Lovekin's Military Credentials in Question - No Longer!
Wednesday, February 22, 2006-Greer Lays Lovekin's Cards on The Table
There has been much controversy as of late in regards to the "military credentials" of one "Stephen L. Lovekin." Lovekin a practicing attorney in North Carolina first came to light in Steven Greer's book, Extraterrestrial Contact, Granite Publishing LLC 1999 pg. 357 as "Witness K." Greer describes "Witness K" as:
"Major SL, a respected lawyer who was an Army cryptographer in the Pentagon from 1959-61. He he was shown samples of debris from the crash of an ET craft in New Mexico in the late 1940's, and it was demonstrated to him the extraordinary properties of the material. He saw the ET writing on the debris and was told it was being studied by Army cryptographers, but they had not (in 1959) broken the code. He also had confirmed to him then President Eisenhower's interest in the subject, that he knew of the subject, but that he was being left out of substantial information dealing with ET technology programs. Major SL [Lovekin] had a top-secret clearance and continues to possess a top secret clearance as an Army reserve today."
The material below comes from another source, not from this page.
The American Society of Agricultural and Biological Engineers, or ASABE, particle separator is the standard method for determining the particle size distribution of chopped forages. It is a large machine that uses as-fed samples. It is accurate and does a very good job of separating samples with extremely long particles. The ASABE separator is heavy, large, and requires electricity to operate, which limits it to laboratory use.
The most recent imputation came from Ufologist and well known author, "Kevin Randle"; in part he wrote: " . . . Thanks to a book entitled Stolen Valor Iím now suspicious of most claims of military association, especially those who claim to have achieved high rank. It surprised me then and continues to surprise me that so many people will claim military service who have never worn a uniform and that so many of those who were actually in the military have embellished their careers. . .. " Randle made attempts to validate Lovekin's military background to no avail; that with his (Randle) own military experience he concluded:
". . . This all suggests to me that the "whistle blower" testimony offered by Stephen L. Lovekin is of little use in developing any policies related to UFOs or extraterrestrial visitation. There is no corroboration of his many claims of military service as a high-ranking officer, no verification of his positions in the White House and little reason to believe he was witness to the things he claims. Like so many of the other whistle blowers, he should be removed from our lists."
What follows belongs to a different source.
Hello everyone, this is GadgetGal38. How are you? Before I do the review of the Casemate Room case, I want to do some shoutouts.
Today Steven Greer wrote a scolding rebuttal to Randle's missive and he in part said: "Many of you have read the recent attacks and defamation of a courageous Disclosure Project Witness, Brigadier (Brig.) General Stephen Lovekin, Esq., by one Kevin Randle.
Randle claims Brig. General Lovekin is not a Brigadier General and suggests he has falsified or concocted his credentials." Greer goes on to further chastise Randle (to put it mildly) about what he describes as "ad hominem attacks" on Lovekin.
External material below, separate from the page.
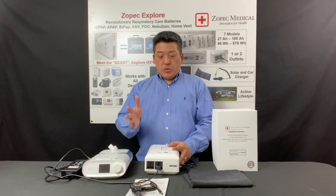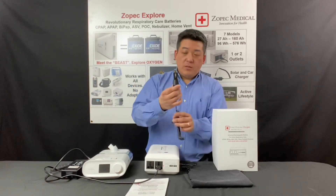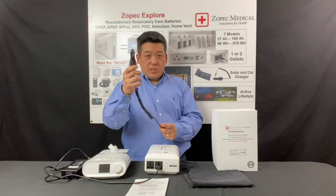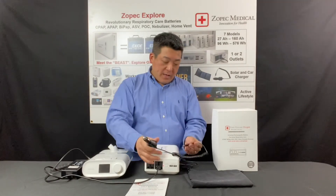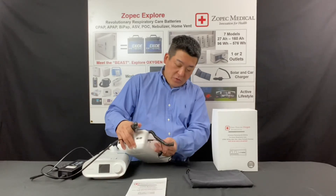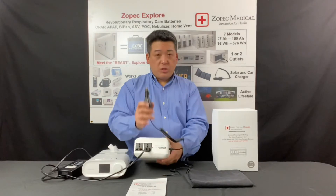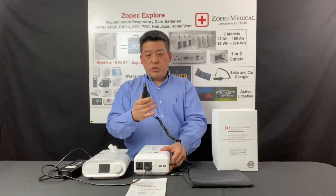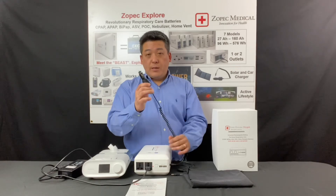To charge with your car, plug the fast car charger into your 12-volt cigarette lighter in your car or RV, then use the same charging port on the battery. This is a 45-watt fast car charger, which is almost as fast as charging at home.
For those of you paying attention, in regards to Ufology, lines have been established for researchers in support of what has become known as "Exopolitics" and what I call "moderate Ufology." (This is a larger piece of this pie which we'll delve into at later date). Emotions often run high between the two groups, and sometimes a "civil debate" is hard to come by. Personally, I took Randle's missive as "his voice of skepticism" in regards to Lovekin's declaration as well as a "laundry list" of "investigative chores" he performed in order to validate "Stephen Lovekin's" military background.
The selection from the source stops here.